Supplied entries =>
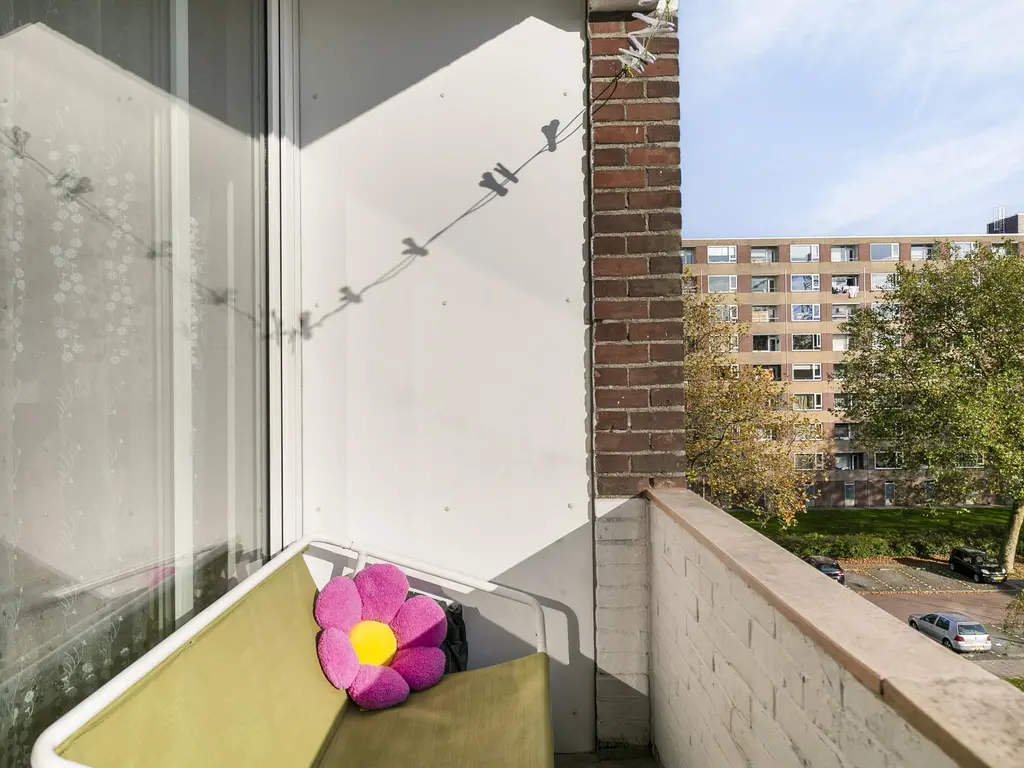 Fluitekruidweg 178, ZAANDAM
* * *
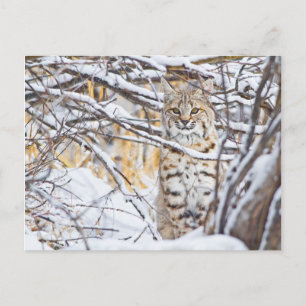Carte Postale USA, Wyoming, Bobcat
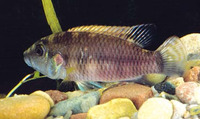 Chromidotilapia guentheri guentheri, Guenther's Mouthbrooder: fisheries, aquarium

Activity => Copy nothing but the lines above from the one with "Carte Postale USA, Wyoming, Bobcat" to the one with "Chromidotilapia guentheri guentheri, Guenther's", inclusive, word for word. Leave every picture out.

Solution =>
Carte Postale USA, Wyoming, Bobcat
 Chromidotilapia guentheri guentheri, Guenther's Mouthbrooder: fisheries, aquarium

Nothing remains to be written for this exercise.